▶ _The problem_
Don't include any picture when you restate the data word for word.

▶ _Material provided_
------------------------------

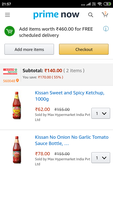 kissan ketchup at mouth watering prices @ primenow in Spar hypermarket ( Bangalore)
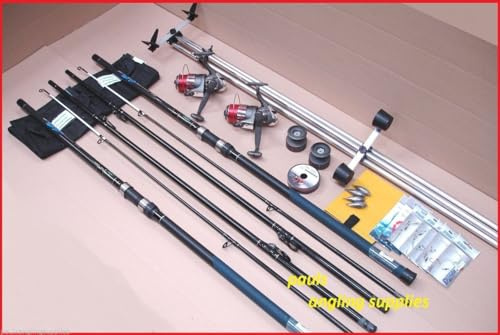 Sea Fishing 14 ft Kit 2 Rods 2 Reels Tripod & Tackle Beach, Beachcaster Beachcasting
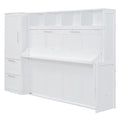 Full Size Murphy Bed Wall Bed With Closet And Drawers,White White Mdf Lvl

------------------------------

▶ _Answer section_
 kissan ketchup at mouth watering prices @ primenow in Spar hypermarket ( Bangalore)
 Sea Fishing 14 ft Kit 2 Rods 2 Reels Tripod & Tackle Beach, Beachcaster Beachcasting
 Full Size Murphy Bed Wall Bed With Closet And Drawers,White White Mdf Lvl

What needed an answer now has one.